Ce sain bouillonnement, le jeune chef russe le peut mettre à contribution de toute autre manière dans l’opus 35 de Richard Strauss, Don Quixote, sous-titré Phantastische Variationen über ein Thema ritterlichen Charakters, soit variations fantastiques sur un thème au caractère chevaleresque – de quoi célébrer le tétracentenaire de la disparition de Miguel de Cervantès dont le deuxième livre du fameux ingenioso hidalgo don Quijote de la Mancha paraissait en 1615. Entre vingt-deux et trente-cinq ans, le fringuant Bavarois écrivit pas moins de huit Tondichtunge ; la septième renoue avec la verve enjouée de la cinquième, Till Eulenspiegels lustige Streiche Op.28 – deux pages que plus justement sans doute l’on appellera des Symphonisches Gedichte (des histoires symphoniques plutôt que des poèmes sonores). Dans cette partition conçue de l’automne 1896 aux derniers jours de l’année suivante, puis créée à Cologne le 8 mars 1898, dix variations brossent l’épopée de l’hidalgo personnifié par un violoncelle obligé, d’abord intégré à l’orchestre mais de plus en plus isolé, à l’instar du fameux idéaliste. Après Alexis Descharmes qui le jouait avec Paul Daniel à Bordeaux en début de saison [lire notre chronique du 17 septembre 2016], il revient à Isang Enders, remarqué l’automne dernier dans le Concerto pour violoncelle d‘Unsuk Chin [lire notre chronique du 9 octobre 2015], d’endosser l’habit instrumental du Quichotte, dialoguant avec le violon d’Amaury Coeytaux et l’alto de Marc Desmons.

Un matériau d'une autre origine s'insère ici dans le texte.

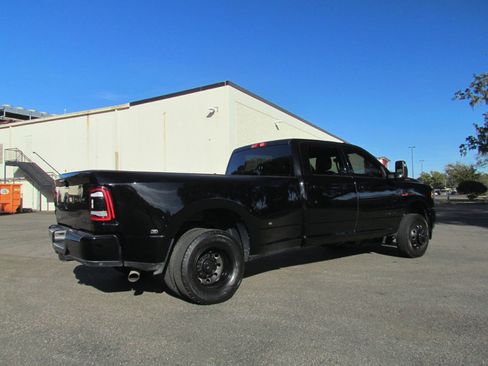 Used 2024 RAM 3500 Big Horn w/ Night Edition image 13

De cet opus passionnant qui sans arrêt débute sans y arriver, recommence et ainsi de suite, pour, après une sorte de recitativo d’opéra baroque, réussir enfin à naître dans une mélodie violoncellistique au moment où le héros vient à mourir – s’affranchissant de ce qui le fit personnage de légende, le Quichotte devient humain, donc il meurt, ce qui paradoxalement en scelle la légende –, Vassili Petrenko infléchit une lecture infiniment élégante, loin d’un glamour meringué, y compris dans les amorces de valse. Sa gracile clarté s’épice des audaces de l’écriture des cuivres, de l’étonnante fragmentation et d’un humour tout à tout caustique et attendri. De l’errance, l’œuvre s’emporte dans une dinguerie qui fait penser aux diableries du dernier acte de Rosenkavalier comme à la frénésie de Die schweigsame Frau. D’une modernité folle, les Flatterzunge de la petite harmonie créent un effet d’étrangeté absolue. Un lyrisme précieusement contrôlé habite encore cette interprétation dûment applaudie.